The move to LVMH made Rihanna the first woman of color to have a label under the fashion house and the first woman to start an original brand with them, according to The New York Times. Speaking about the partnership with The New York Times in 2019, Rihanna talked about her steady climb into fashion and how it led to the historic deal. “I wanted to take it slowly and gain respect as a designer,” she explained.
Kanye West went all out for his 2013 single
Kanye West might be the most loved and hated rapper of all time, as words like “jerk” and “genius” have been used in the same sentence to describe him. One of the many times that West seemed to wow people was in 2013, when he showed video projections on 66 buildings around the world to promote his song “New Slaves,” a track off of 2013’s Yeezus.
Some of the cities where the promotion took place included London, Paris, Toronto, West’s hometown of Chicago and New York.

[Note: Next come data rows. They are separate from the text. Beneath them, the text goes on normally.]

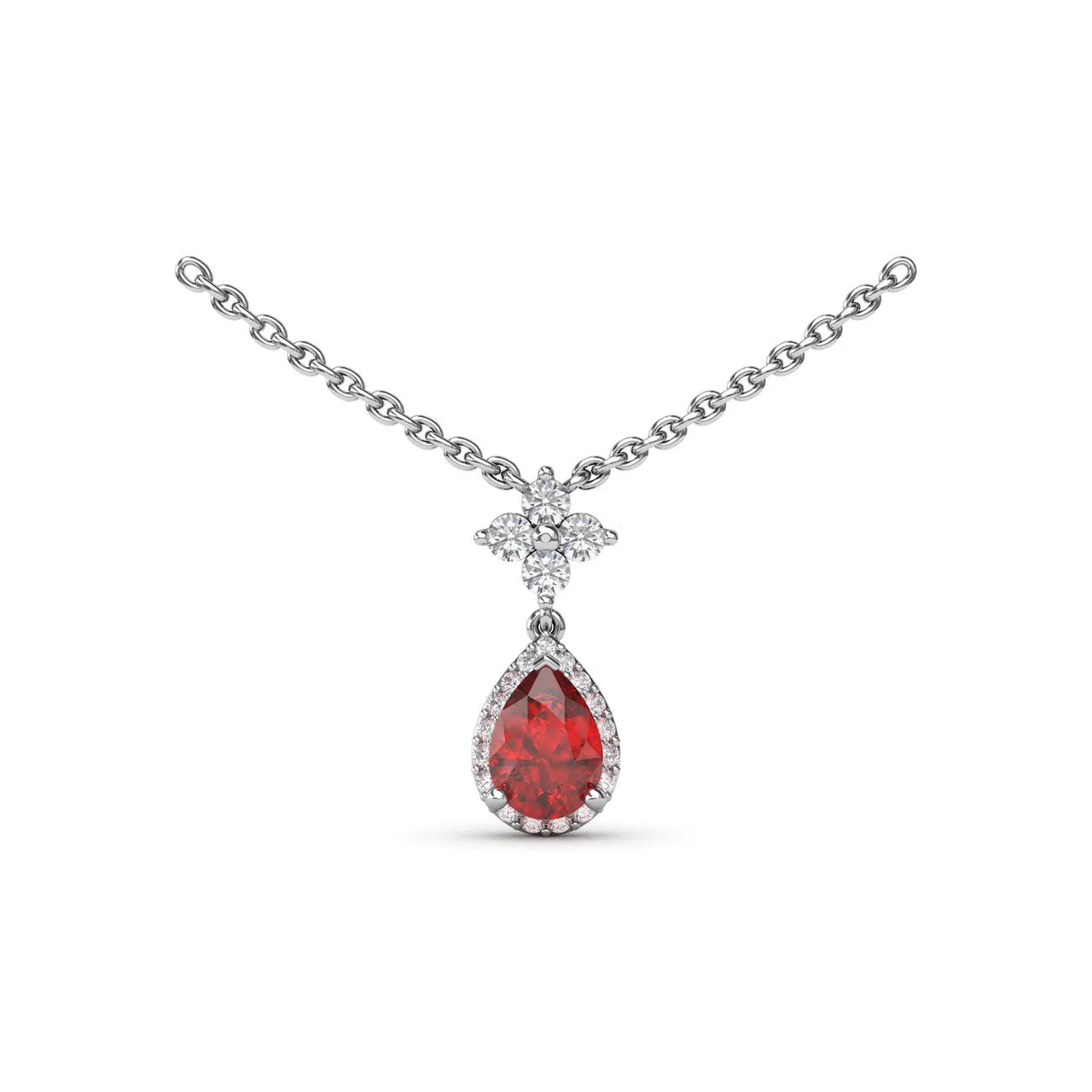 Fana 14k White Gold Ruby and Diamond Teardrop Necklace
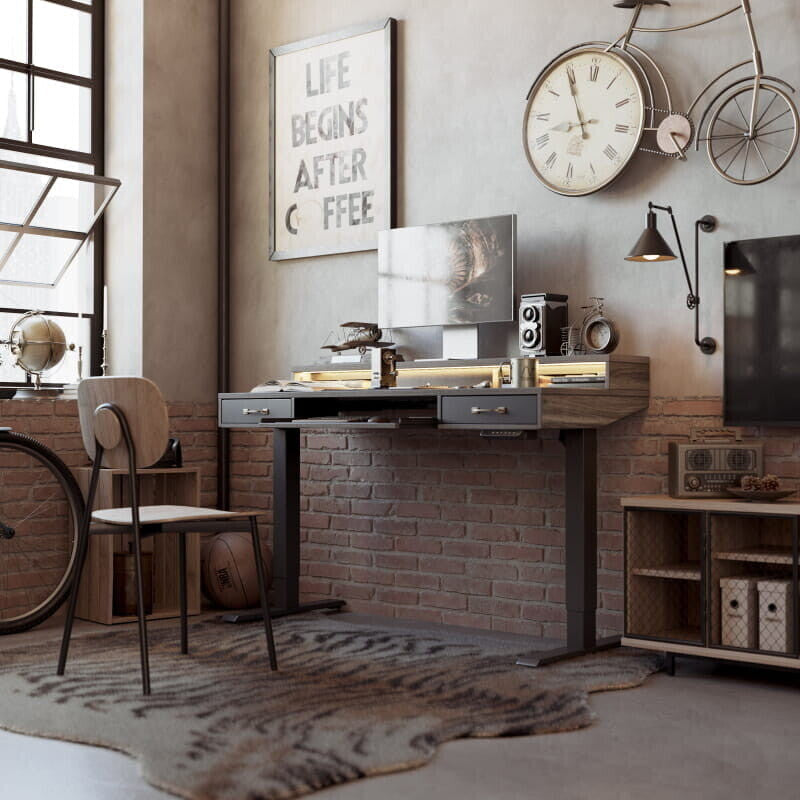 Brooklyn LED Electric Standing Desk with Drawers and Keyboard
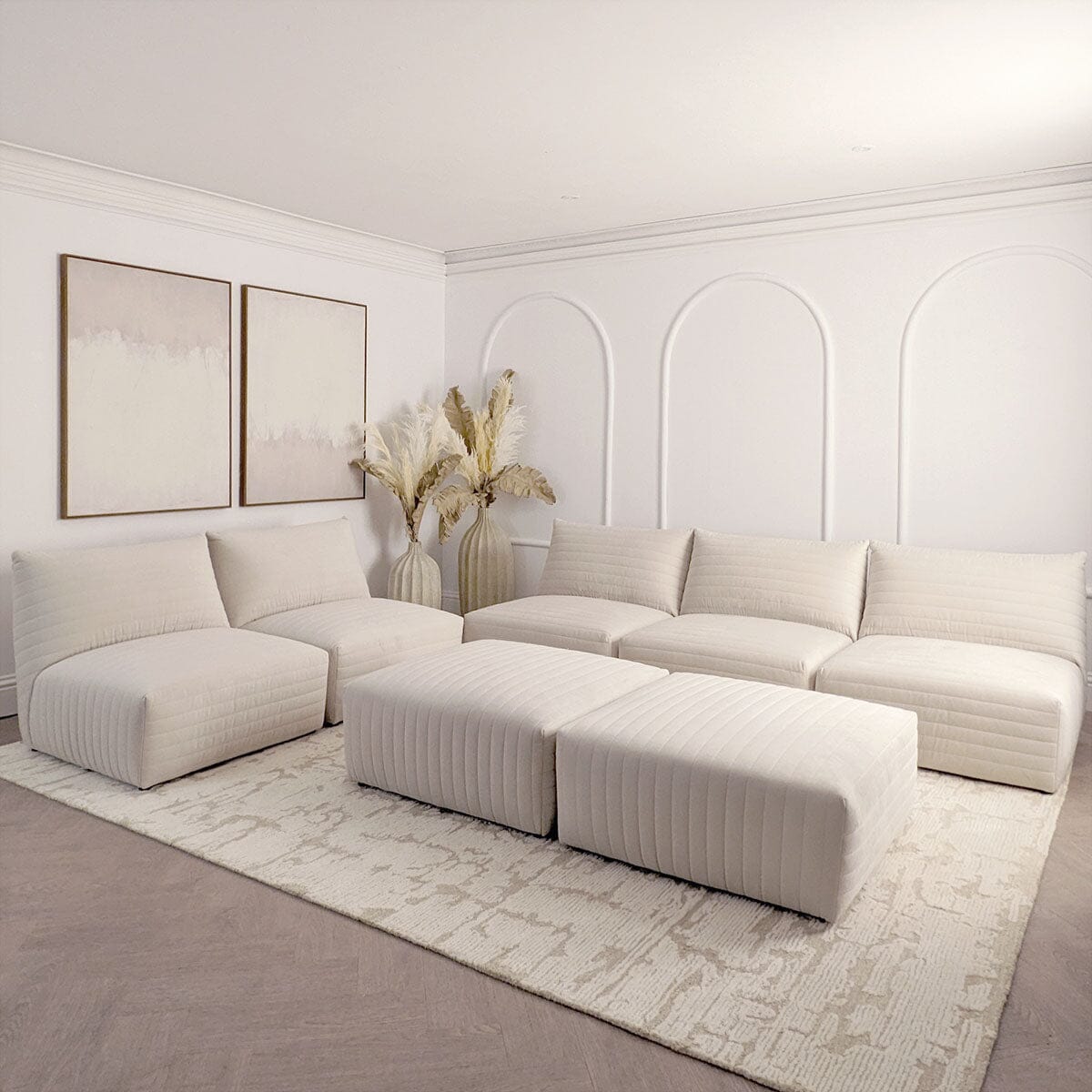Geneva Cream Velvet Fluted Modular Sofa Range Sofa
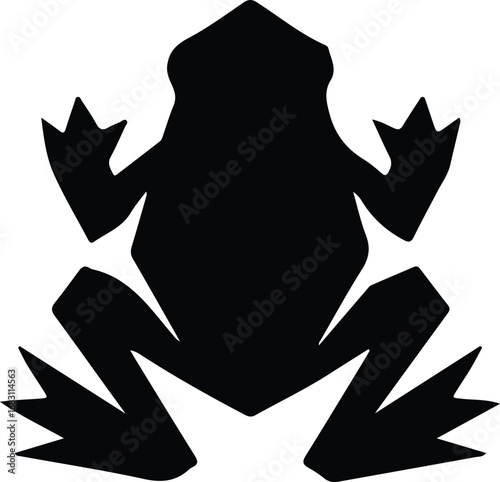 Illustrator Vector Graphic silhouette of a black poison dart frog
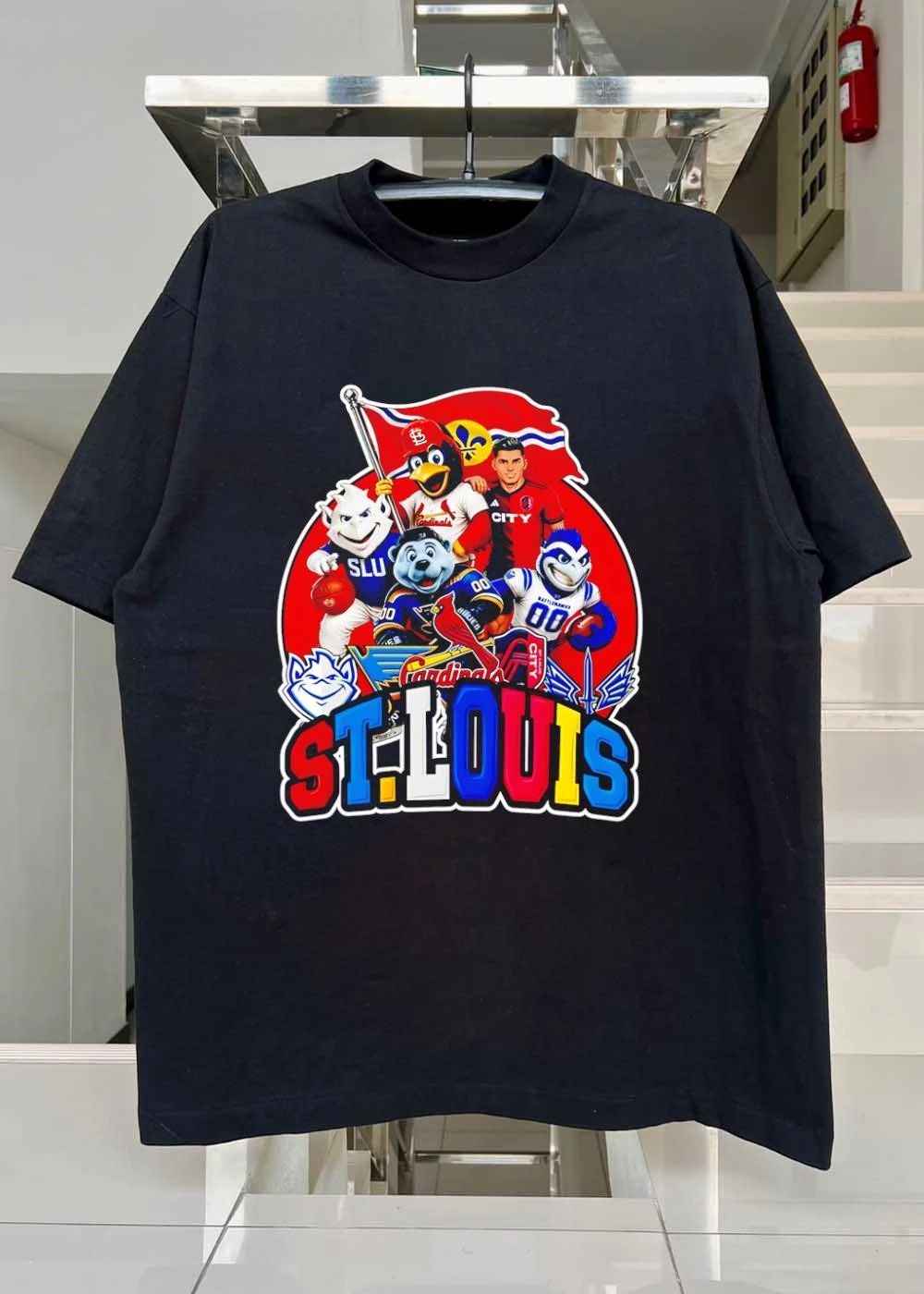 St. Louis Cardinals Blues City SC BattleHawks SLU Mascots Player City Flag shirt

The projections showed West’s face in black and white rapping along to the song, which contains a sample from the cut “Gyöngyhajú lány” by Hungarian rockers Omega. In a video that showed the promotion in Manhattan’s Columbus Circle, a crowd can be seen watching it, at first in silence, then small conversations broke out toward the end.
When it comes to Mr. West, he’s practically made a living out of making power moves, whether it was becoming one of the biggest rappers on earth after first being a producer, making a name for himself in the fashion world or, as Forbes confirmed in 2020, becoming a billionaire. But promoting a new song on 66 buildings around the globe is certainly a big power move for the sheer creativity of it. At least that’s what some people might say.
Taylor Swift made her power move in a recording booth
When a music industry bigwig purchases an artists’ master recordings without their consent, that artist could either take it lying down or take it to the studio. Taylor Swift did the latter when record executive Scooter Braun bought the rights to her first six albums in 2019 without her knowing. He then sold it to Shamrock Capital, a Los Angeles-based private equity firm for about $300 million, as Variety reported. Around the time that Braun bought the recordings, Swift let it be known that her contract would allow her to re-record those six LPs once November 2020 hit, something that she would definitely end up doing.
In the music industry, master recordings are the original recordings of songs and albums that all copies derive from. Whoever owns those masters has the legal right to license songs for things like TV commercials, movies and TV shows, thus putting that owner in a position to make the bulk of the earnings. “The reason I’m rerecording my music next year is because I do want my music to live on. I do want it to be in movies, I do want it to be in commercials, but I only want that if I own it,” Swift told Billboard in late 2019. Then in November 2020, the “Blank Space” creator tweeted that she began re-recording her “older music and it has already proven to be both exciting and creatively fulfilling.” Score.